Foreign Secretary Boris Johnson has lifted a ban on UK embassies and high commissions flying the rainbow flag during gay pride events.
In one of his first policy shifts since being appointed to the role, Mr Johnson overturned the decision of his predecessor Philip Hammond.
Previously only the Union flag, the flag of the EU, and the flags of the nations and overseas territories of the UK could be flown from Foreign Office buildings.
However, the decision on whether and when to raise the gay pride banner will be for individual ambassadors and high commissioners to take, taking into account local conditions.
As Foreign Secretary, last month Mr Hammond rejected a call from the House of Commons Foreign Affairs Committee to drop his opposition to the use of the rainbow flag.

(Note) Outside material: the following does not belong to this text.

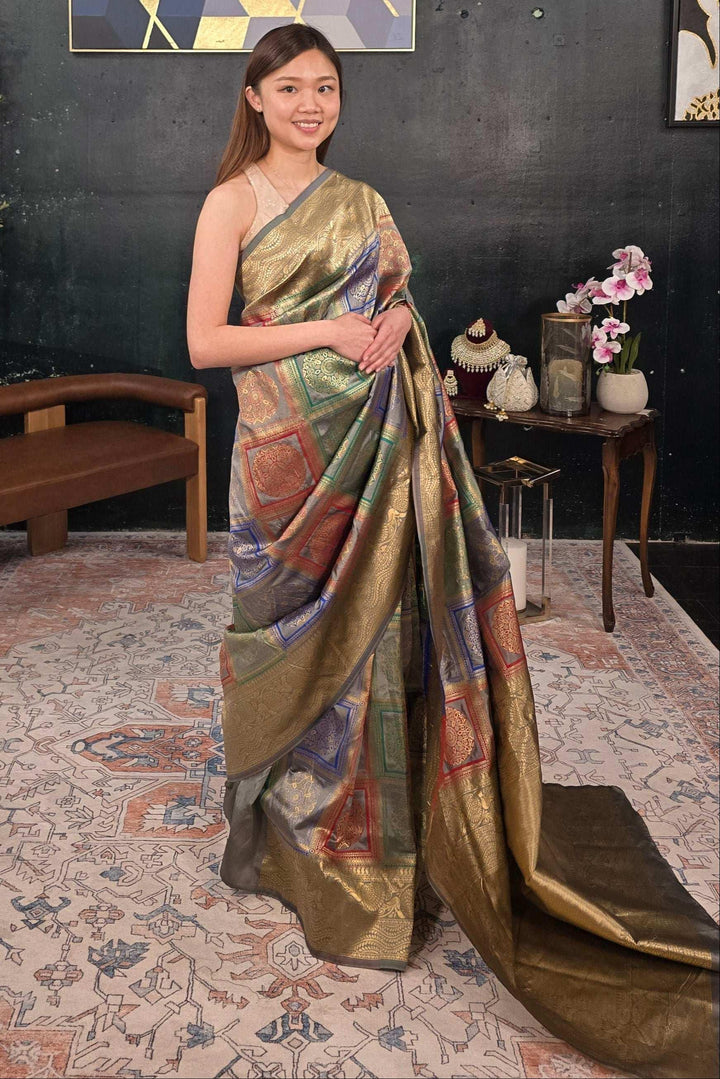 Grey Banarasi Saree (Outside Ontario) - myethnicrentals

In a report on the Foreign and Commonwealth Office's (FCO) human rights work, the committee said Mr Hammond's decision not to fly the flag for Pride 2015 in London "signalled an apparent change in FCO policy and sent a message that contradicts much of the actual work and objectives of the FCO".
The cross-party report had recommended that the flag should be allowed to be flown, and that missions should fly the rainbow flag on the International Day Against Homophobia, Biphobia and Transphobia (IDAHOBIT) which falls on May 17, in countries where official intolerance prevents the staging of gay pride events.